Afterward, several of us attended the Day One After Party, where my co-workers and I had an informal retrospective about the Hackathon with one of the organizers. Now, you should know that I am a reform-from-within kind of person and love to focus on opportunities to improve while recognizing what didn’t go well. I am specific in my concerns about problems I perceive in order to have the best chance of making a difference. Here are some things I noticed:

  1. Creating an actual shippable product in 4 hours was not realistic, especially with the paucity of developers.
  2. Part of the “understaffing” was a snafu in the communication surrounding the Hackathon’s location, which was incorrect on the website, printed tickets, and e-mail reminders. I think more devs would have been present without that wrinkle and I wish this had been tested in advance.
  3. However, we wouldn’t necessarily have effectively used more development talent because we didn’t have very strong self-organizing teams. Maybe it would have gone better to have a little more structure, like an event coordinator to help us identify the roles that Hackathon volunteers could fill and what our current talent pool included.
  4. We spent too much time on planning what we would want the app to do without attempting to iterate, too much like Big Up Front Design and creating requirements for stories that would have been far down the road (for sprints of that length).
  5. We could definitely have used more time to develop and less time learning about the Windows Phone Marketplace, which would never have accepted the partially completed apps that we ended up producing.
  6. In order to submit our apps, we needed to test on a Windows Phone device, which was not available. The other testing option was the Marketplace Testing Tool, which I never saw.

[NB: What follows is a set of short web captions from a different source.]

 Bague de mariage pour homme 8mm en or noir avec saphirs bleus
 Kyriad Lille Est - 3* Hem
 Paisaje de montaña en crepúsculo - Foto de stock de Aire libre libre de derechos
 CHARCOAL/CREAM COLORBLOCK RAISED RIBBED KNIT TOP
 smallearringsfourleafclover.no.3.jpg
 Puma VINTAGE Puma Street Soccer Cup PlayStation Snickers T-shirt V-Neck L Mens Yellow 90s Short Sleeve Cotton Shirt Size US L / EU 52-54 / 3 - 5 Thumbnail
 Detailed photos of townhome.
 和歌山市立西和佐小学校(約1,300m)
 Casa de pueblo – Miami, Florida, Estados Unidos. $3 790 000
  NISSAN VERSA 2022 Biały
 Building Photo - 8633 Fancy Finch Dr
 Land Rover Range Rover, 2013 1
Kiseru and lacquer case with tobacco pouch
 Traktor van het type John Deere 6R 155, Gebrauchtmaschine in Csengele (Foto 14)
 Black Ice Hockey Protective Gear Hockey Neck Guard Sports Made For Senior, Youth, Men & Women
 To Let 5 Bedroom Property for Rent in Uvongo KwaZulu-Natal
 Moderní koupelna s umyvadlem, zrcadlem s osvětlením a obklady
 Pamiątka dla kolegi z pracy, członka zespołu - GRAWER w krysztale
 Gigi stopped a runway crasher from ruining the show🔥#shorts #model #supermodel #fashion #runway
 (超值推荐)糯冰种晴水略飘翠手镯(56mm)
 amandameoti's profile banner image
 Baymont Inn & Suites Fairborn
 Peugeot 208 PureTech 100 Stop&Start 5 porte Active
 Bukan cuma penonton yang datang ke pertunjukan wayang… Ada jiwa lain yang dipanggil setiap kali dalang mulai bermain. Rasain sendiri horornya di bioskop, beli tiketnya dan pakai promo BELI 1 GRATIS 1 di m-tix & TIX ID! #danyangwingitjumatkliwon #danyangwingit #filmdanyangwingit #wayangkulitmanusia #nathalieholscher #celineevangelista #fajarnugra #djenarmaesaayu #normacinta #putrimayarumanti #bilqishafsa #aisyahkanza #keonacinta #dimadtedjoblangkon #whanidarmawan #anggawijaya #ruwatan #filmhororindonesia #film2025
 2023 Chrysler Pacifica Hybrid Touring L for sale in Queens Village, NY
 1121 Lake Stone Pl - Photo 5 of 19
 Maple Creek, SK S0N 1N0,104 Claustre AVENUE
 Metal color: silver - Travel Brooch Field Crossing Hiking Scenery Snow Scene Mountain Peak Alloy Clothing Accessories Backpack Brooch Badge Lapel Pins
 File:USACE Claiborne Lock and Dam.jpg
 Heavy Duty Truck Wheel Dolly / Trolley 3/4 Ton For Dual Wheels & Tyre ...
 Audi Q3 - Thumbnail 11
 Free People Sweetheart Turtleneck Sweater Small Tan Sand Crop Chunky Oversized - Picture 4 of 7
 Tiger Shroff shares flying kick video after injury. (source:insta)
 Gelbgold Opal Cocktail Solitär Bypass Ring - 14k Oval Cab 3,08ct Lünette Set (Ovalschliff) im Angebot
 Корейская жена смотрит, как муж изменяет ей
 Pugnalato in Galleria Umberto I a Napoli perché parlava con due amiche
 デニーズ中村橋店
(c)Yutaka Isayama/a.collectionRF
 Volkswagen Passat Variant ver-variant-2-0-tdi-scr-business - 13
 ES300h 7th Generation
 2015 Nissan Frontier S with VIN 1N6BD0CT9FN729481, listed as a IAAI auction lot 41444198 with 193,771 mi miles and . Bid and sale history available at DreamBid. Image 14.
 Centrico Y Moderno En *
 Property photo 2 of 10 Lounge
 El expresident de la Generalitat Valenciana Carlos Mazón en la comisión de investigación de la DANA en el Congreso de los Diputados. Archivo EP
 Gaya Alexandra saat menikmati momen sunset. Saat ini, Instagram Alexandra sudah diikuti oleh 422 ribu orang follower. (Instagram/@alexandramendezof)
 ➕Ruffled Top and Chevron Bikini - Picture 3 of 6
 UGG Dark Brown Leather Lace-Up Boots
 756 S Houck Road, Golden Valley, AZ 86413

My design manager co-worker, Will Sansbury, had these comments:

  • Claire is fearless. [I didn’t have any development reputation to protect so I had no problem admitting a need and asking for help from strangers right away. – Claire]
  • I loved pairing with Dev through the whole process.
  • Expression Blend has a huge learning curve, and I’m not sure it’d be all that helpful once you get over that initial pain.
  • The short time box and no feature constraints necessitated a laser-sharp focus on one thing.
  • I feel bad that at the end of the day the world is no better.

We found out from our informal retrospective that this was the first Hackathon that WebVisions Atlanta has organized, so I am sure that subsequent iterations will take these lessons to heart – and in that unexpected way we have given back to our community.